Scientific classification
- Kingdom: Plantae
- Clade: Embryophytes
- Clade: Tracheophytes
- Clade: Spermatophytes
- Clade: Angiosperms
- Clade: Magnoliids
- Order: Magnoliales
- Family: Annonaceae
- Genus: Mitrephora
- Species: M. keithii
- Binomial name: Mitrephora keithii Ridl.
- Synonyms: Mitrephora lophophora C.E.C.Fisch.

= Mitrephora keithii =

- Genus: Mitrephora
- Species: keithii
- Authority: Ridl.
- Conservation status: NT
- Synonyms: Mitrephora lophophora C.E.C.Fisch.

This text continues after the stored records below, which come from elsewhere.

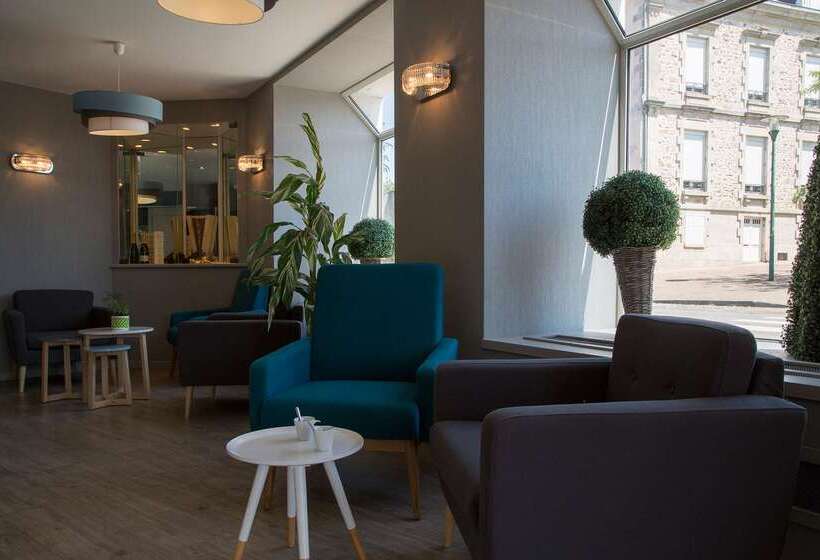 ホテル The Originals City, Hôtel Le Boeuf Rouge, Saintjunien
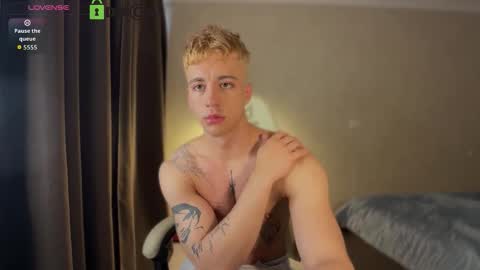 Hi Im Adam Glad to see u here 3 And its my first day online show from March 30, 12:28 pm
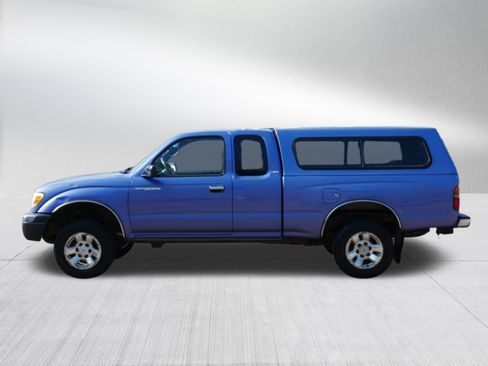 Used 1999 Toyota Tacoma PreRunner RWD image 4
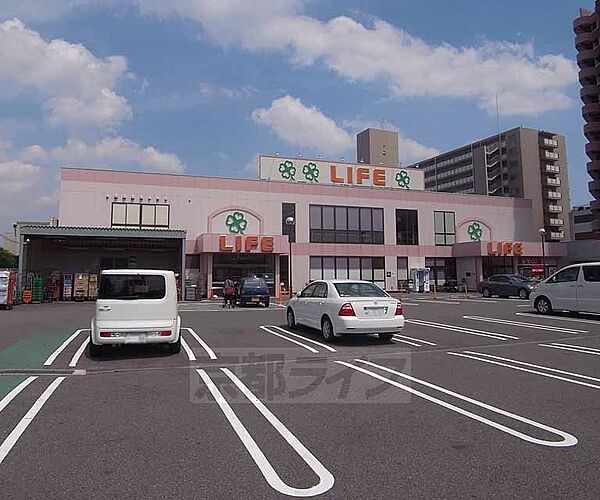画像19:ライフ 梅津店まで564m 天神川四条の南西にあります。大型駐車場完備。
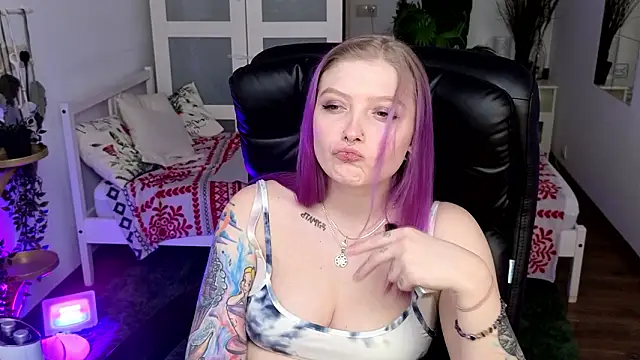 Kiki_shay live sex cam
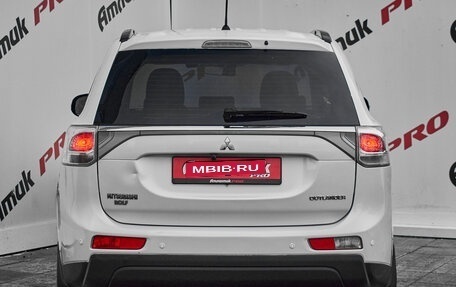 Mitsubishi Outlander III рестайлинг 3, 2013 год, 1 295 000 рублей, 5 фотография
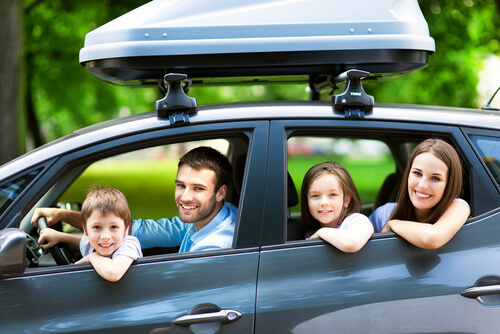 Cómo prevenir accidentes en coche cuando viajas con tus hijos
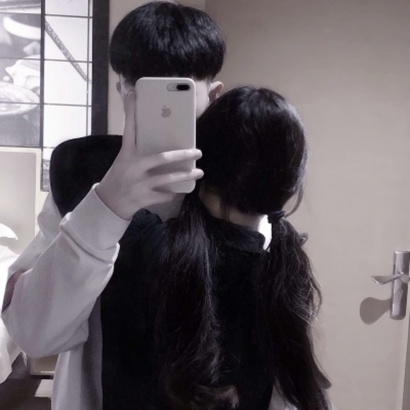 这里有16组好看的QQ真人情侣头像 高清一左一右两张一套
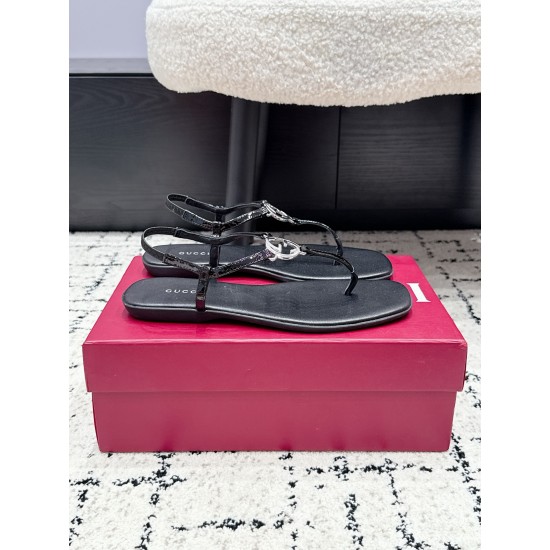 Gucci slippers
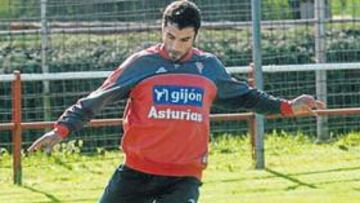 <b>BICENTENARIO. </b>Sastre entra con sus 200 partidos en la historia del Sporting.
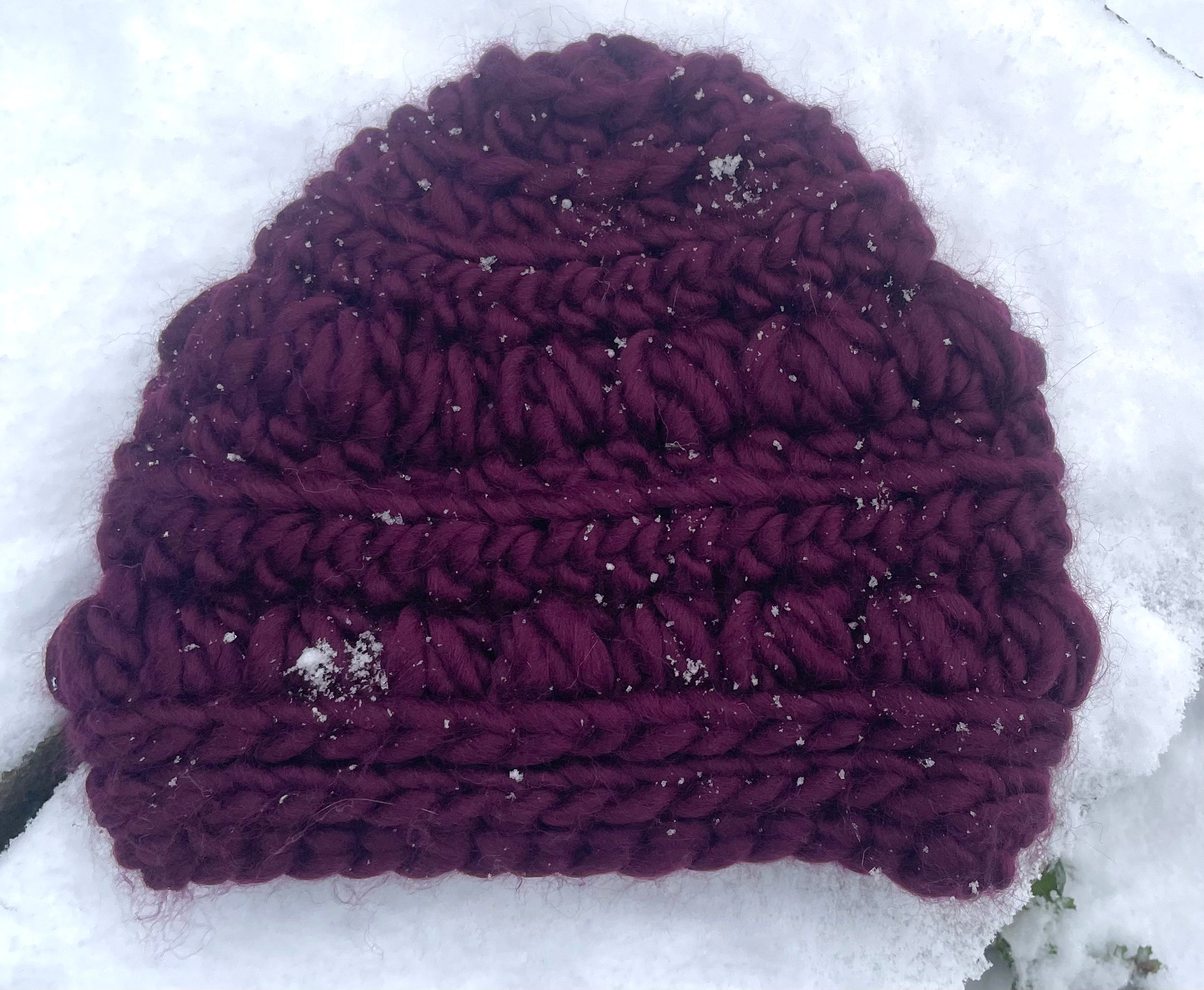 Crochet beanie - plum - 60% wool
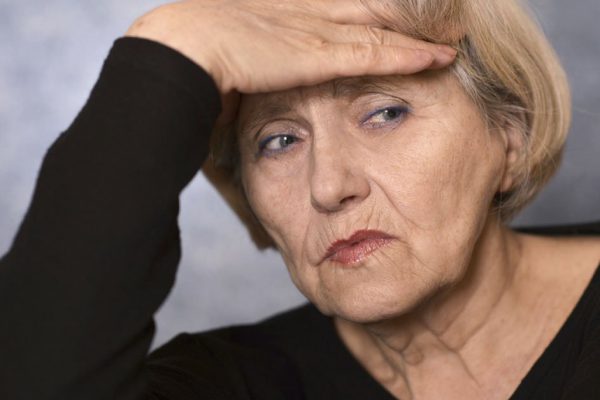 Метания бабушки, что только вышла на пенсию и скучает без возни с внуками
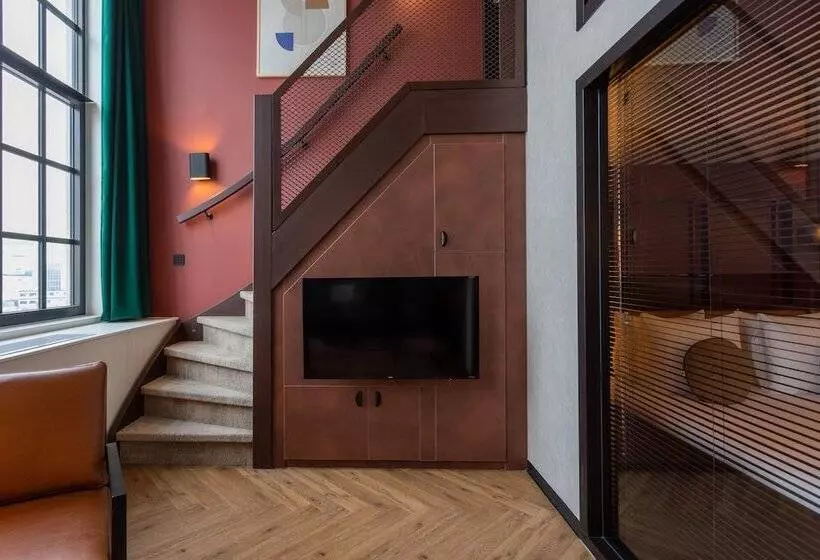 Hotelli De Timmerfabriek  Kloeg Collection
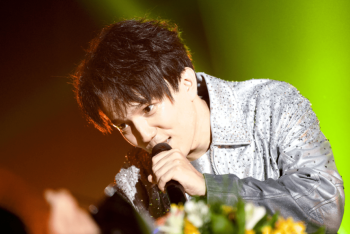 Фотография к новости: Димаш Кудайберген получил в подарок  турецкий музыкальный инструмент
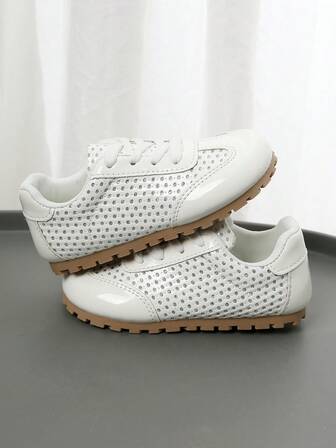 1 par de zapatos deportivos de moda para niños, fabricados con material transpirable, decorados con brillantes rhinestones en la parte superior, diseño de para un fácil uso, proporcionan un buen soporte y comodidad para los pies, adecuados para niños activos en diversas ocasiones, ya sea para deportes o uso casual, mostrando la personalidad y el estilo de los niños.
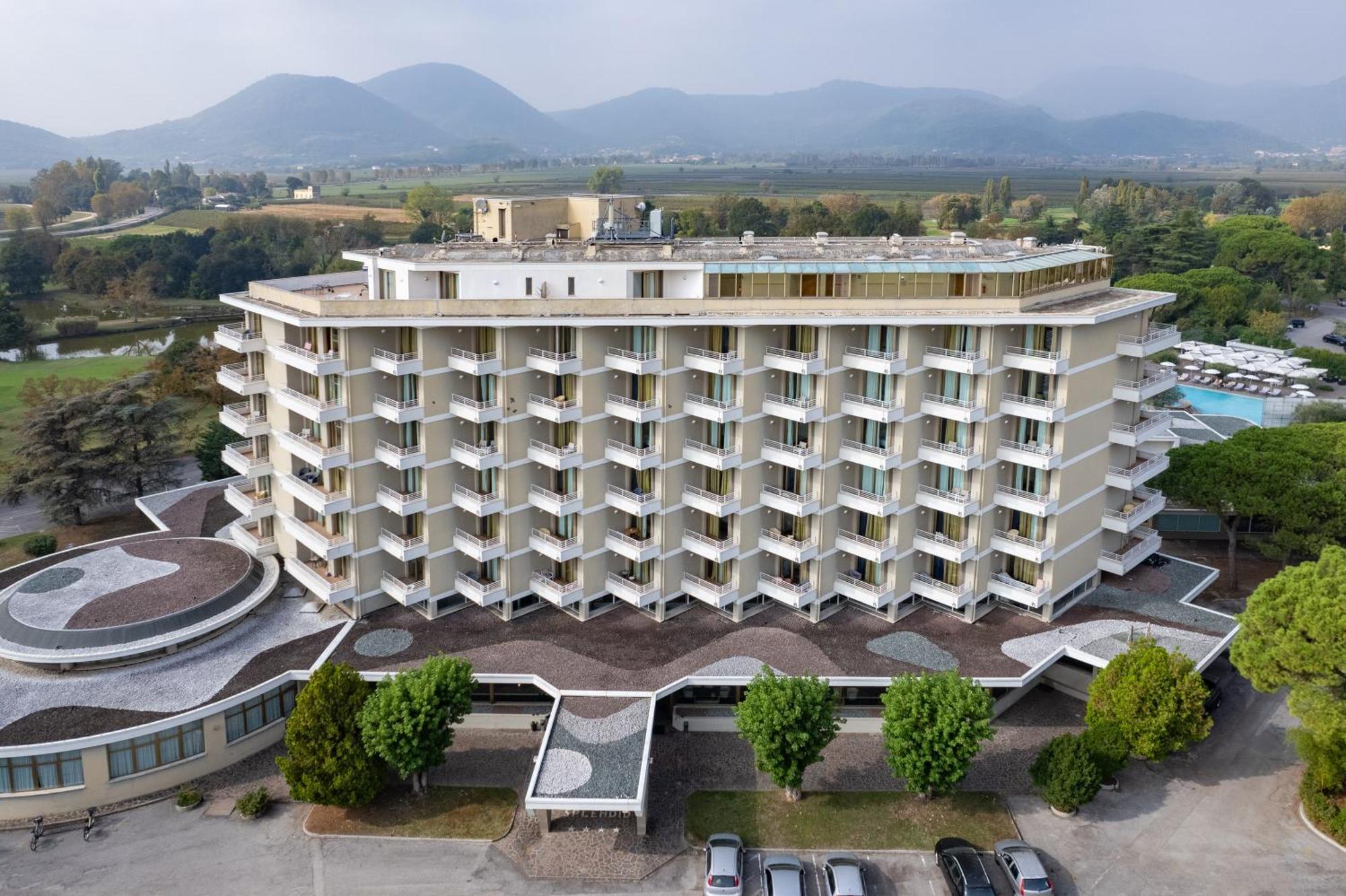 Galzignano Resort Terme & Golf - Hotel Splendid Galzignano Terme ภายนอก รูปภาพ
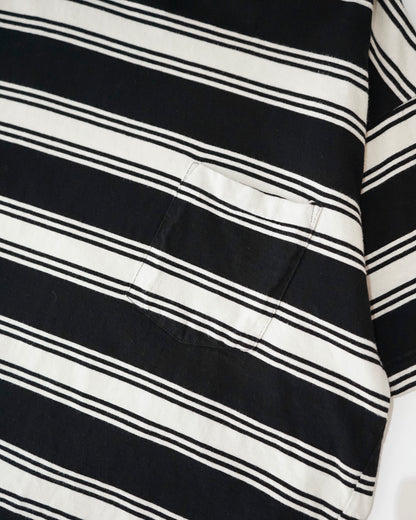00s GAP border pocket tee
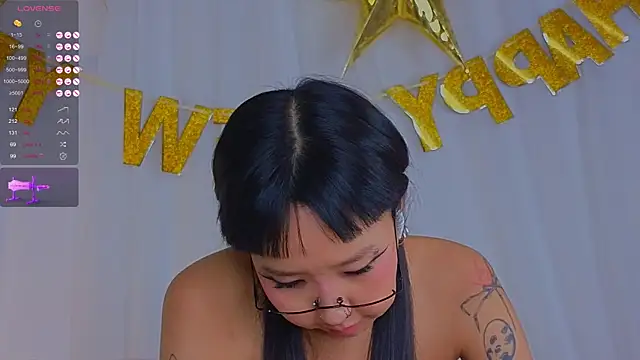 Snapshot of a11yson chatting on December 21, 3:30 pm a11yson online show from December 21, 3:30 pm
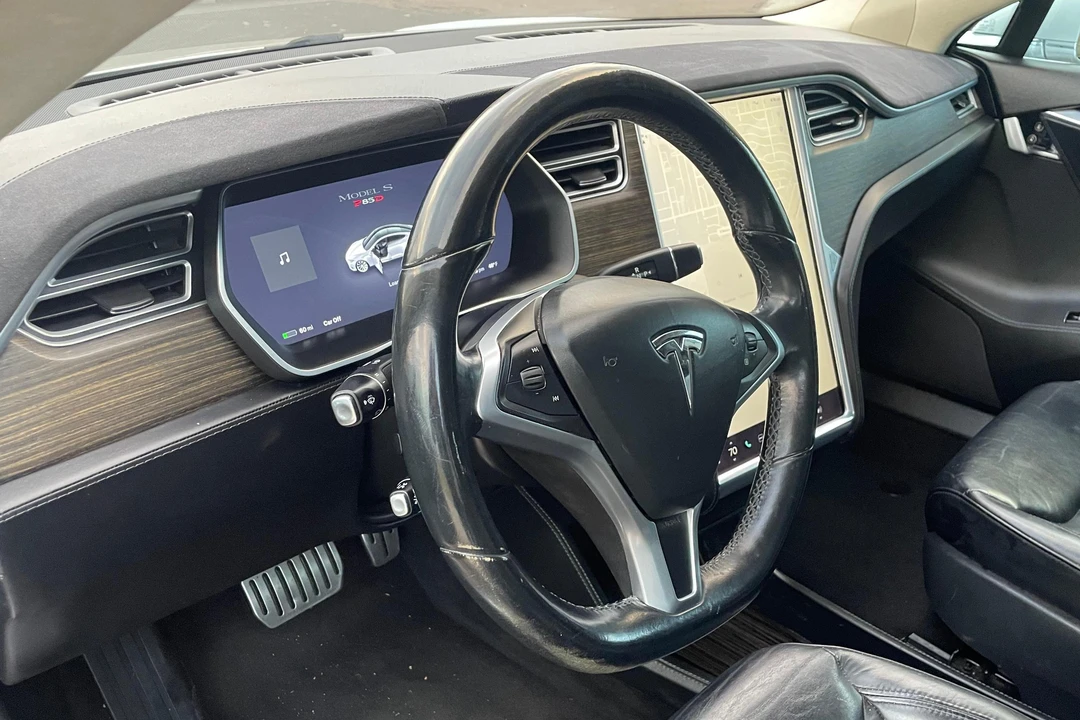2014 Tesla Model S - Image 30 of 31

Species of plant in the soursop family

Mitrephora keithii is a species of flowering plant in the family Annonaceae. It is native to Myanmar, Peninsular Malaysia, and Thailand. Henry Nicholas Ridley, the English botanist who first formally described the species, named it in honor of Dr. A. Keith who collected the sample that Ridley examined.

==Description==
It is a small tree reaching 6 m in height. Its leathery, oval to lance-shaped leaves are 7.5-17.5 by 2.5-5 cm with pointed bases tips. The upper side of the leaves are matt and hairless, while the undersides are covered in sparse, fine hairs. The leaves have 7–11 pairs of secondary veins emanating from their midribs. Its petioles are 3–8.5 by 1.5–3 millimeters and covered in sparse, fine hairs. The flowers occur in groups of 3 or fewer on a rachis. Flowers are attached to the rachis by fleshy, densely hairy pedicels that are 4.5–9 by 0.8–1.5 millimeters. The pedicels have an oval, basal bract that is 1.5 by 2 millimeters, and another upper bract that is 1–2.5 by 1.5–2.5 millimeters. Its flowers have 3 triangular sepals that are 3–4 by 3–4.5 millimeters. The sepals are covered in dense, brown hairs on their outer surface and sparse hairs on their inner surface. Its 6 petals are arranged in two rows of 3. The yellow, oval, outer petals are 9–18 by 6.5–9.5 millimeters and come to a point at their tips. The outer surface of the outer petals is covered in dense, brown, fine hairs while the inner surface is sparsely hairy. The edges of the outer petals are slightly wavy when mature. The inner petals are yellow with pink edges. The inner petals are 7.5–10 by 4.5–6 millimeters. The inner petals have dense, fine hairs on their outer surface. The inner surface of inner petals is covered in hairs that become longer at the tip. Its flowers have stamen that are 1–1.2 by 0.5–0.8 millimeters. Its flowers have 12–14 carpels that are 1.5–1.8 by 0.5–0.8 millimeters. The carpels have 6–12 ovules. Its fruit occur in clusters of 4–6 on pedicels that are 10 by 2 millimeters and covered in sparse, fine hairs. The smooth, sparsely hairy, oblong fruit are 14–30 by 7.5 millimeters. The fruit are attached to the pedicel by stipes that are 3–3.5 by 2 millimeters and covered in sparse, grey-brown, fine hairs. Each fruit has 4–12 seeds that are 8.5–14 by 7.5 millimeters.

===Reproductive biology===
The pollen of M. keithii is shed as permanent tetrads.

==Habitat and distribution==
It has been observed growing in evergreen forests with limestone soil at elevations of 0 to 300 m.